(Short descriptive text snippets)

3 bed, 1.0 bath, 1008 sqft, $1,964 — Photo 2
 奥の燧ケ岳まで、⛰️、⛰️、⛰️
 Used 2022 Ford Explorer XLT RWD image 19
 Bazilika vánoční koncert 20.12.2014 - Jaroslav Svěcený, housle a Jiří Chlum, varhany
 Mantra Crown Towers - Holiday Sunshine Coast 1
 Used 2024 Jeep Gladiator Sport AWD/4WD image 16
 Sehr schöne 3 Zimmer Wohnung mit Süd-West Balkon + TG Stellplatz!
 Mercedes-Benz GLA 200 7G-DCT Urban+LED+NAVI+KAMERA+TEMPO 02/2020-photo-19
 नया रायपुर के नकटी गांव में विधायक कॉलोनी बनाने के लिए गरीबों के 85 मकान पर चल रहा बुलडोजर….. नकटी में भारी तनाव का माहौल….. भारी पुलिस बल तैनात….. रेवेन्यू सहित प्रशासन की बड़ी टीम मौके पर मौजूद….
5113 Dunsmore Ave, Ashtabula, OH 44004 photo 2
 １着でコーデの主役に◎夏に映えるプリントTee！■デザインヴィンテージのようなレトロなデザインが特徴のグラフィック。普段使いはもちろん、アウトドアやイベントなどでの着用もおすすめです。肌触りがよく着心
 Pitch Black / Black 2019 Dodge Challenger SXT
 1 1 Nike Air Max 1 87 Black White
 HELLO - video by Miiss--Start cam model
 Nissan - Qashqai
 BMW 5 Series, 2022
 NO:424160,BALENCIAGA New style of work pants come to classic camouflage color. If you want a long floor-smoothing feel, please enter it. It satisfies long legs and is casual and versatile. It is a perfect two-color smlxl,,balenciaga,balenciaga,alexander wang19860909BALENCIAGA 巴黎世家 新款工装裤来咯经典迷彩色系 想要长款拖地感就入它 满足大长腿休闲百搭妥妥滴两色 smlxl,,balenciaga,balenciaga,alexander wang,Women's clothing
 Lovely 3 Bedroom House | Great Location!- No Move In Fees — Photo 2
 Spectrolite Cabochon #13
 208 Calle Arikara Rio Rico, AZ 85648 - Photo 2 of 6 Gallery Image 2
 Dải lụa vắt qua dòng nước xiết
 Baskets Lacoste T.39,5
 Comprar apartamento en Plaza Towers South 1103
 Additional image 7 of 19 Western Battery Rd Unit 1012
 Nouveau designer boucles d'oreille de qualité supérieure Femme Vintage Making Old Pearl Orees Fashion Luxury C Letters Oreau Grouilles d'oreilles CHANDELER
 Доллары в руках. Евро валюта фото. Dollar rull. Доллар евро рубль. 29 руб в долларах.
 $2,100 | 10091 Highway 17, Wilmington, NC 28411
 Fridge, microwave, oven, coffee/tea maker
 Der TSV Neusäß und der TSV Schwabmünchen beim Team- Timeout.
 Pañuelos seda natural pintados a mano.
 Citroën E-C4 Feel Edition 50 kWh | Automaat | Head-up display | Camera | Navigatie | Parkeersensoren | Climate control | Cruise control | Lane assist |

- _TASK_
When a line of the data holds the string "Black", pick it out and copy it.

- _COMPLETED TASK_
 Pitch Black / Black 2019 Dodge Challenger SXT
 1 1 Nike Air Max 1 87 Black White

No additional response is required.